I was sorry to have missed Raymond Pettit, John Homer and Roger Gee presenting the latest installment of what is becoming the enhanced compiler error messages saga at SIGCSE earlier this month. Their paper “Do Enhanced Compiler Error Messages Help Students?: Results Inconclusive”  was two-pronged. It contrasted the work of Denny et al.  (which provided evidence that compiler error enhancement does not make a difference to students) and my SIGCSE 2016 paper  (which provided evidence that it does). It also provided fresh evidence that supports the work of Denny et al. I must say that I like Pettit et al.’s subtitle: “Results Inconclusive”. I don’t think that this is the final chapter in the saga. We need to do a lot more work on this.
Early studies on this often didn’t include much quantifiable data. More recent studies haven’t really been measuring the same things – and they have been measuring these things in different ways. In other words, the metrics, and the methodologies differ. It’s great to see work like that of Pettit et al. that is more comparable to previous work like that of Denny et al.
One of the biggest differences between my editor, Decaf, and Pettit et al.’s tool, Athene, is that Decaf was used by students for all of their programming – practicing, working on assignments, programming for fun, even programming in despair. For most of my students it was the only compiler they used – so they made a lot of errors, and they all were logged. Unlike Denny et al., my students did not receive skeleton code – they were writing programs, often from scratch. On the other hand, Athene was often utilized by students after developing their code on their own local (un-monitored) compilers. Thus, many errors generated by the students in the Pettit et al. study were not captured. Often, the code submitted to Athene was already fairly refined. Pettit et al. even have evidence from some of their students that at times the code submitted to Athene only contained those errors that the students absolutely could not rectify without help.

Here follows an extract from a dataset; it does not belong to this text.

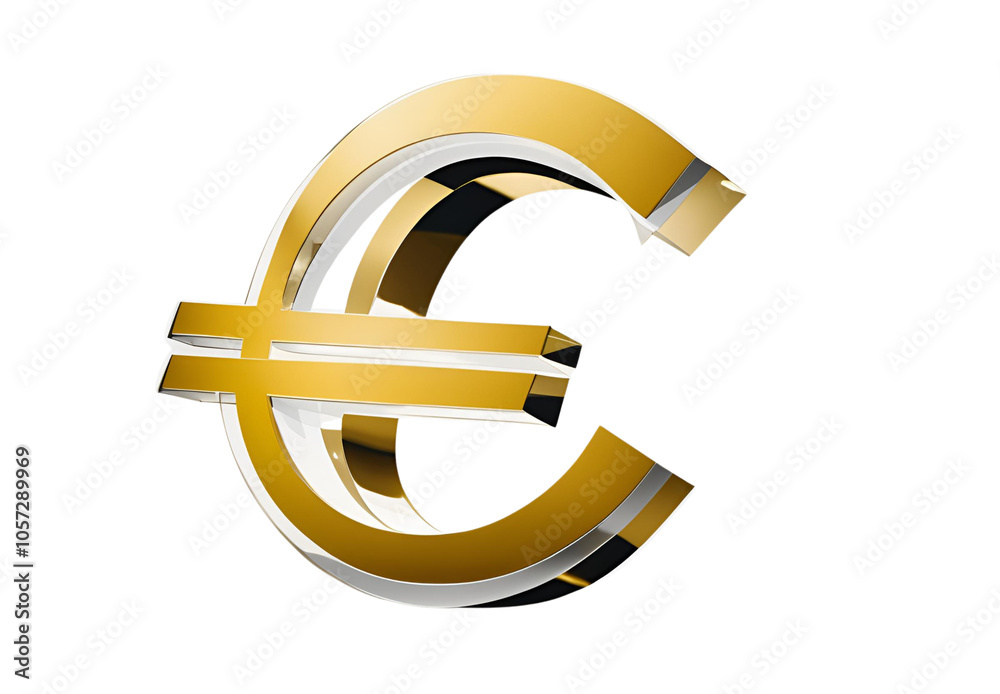 EURO png EURO png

As outlined in this post, Denny et al. and I were working towards the same goal but measuring different things. This may not be super apparent at first read, but under the hood comparing studies like these is often a little more complicated than it first looks. Of course these differences have big implications when trying to compare results. I’m afraid that the same is true comparing my work with Pettit et al. – we are trying to answer the same question, but measuring different things (in different ways) in order to do so.
Specifically, Pettit el al. measured:
- the number of non-compiling submissions; similar to did Denny et al., but unlike me
- the number of successive non-compiling submissions that produced the same error message; Denny et al. measured the number of consecutive non-compiling submissions regardless of why the submission didn’t compile, and I measured the number of consecutive errors generating the same error message, on the same line of the same file
- the number of submission attempts (in an effort to measure student progress)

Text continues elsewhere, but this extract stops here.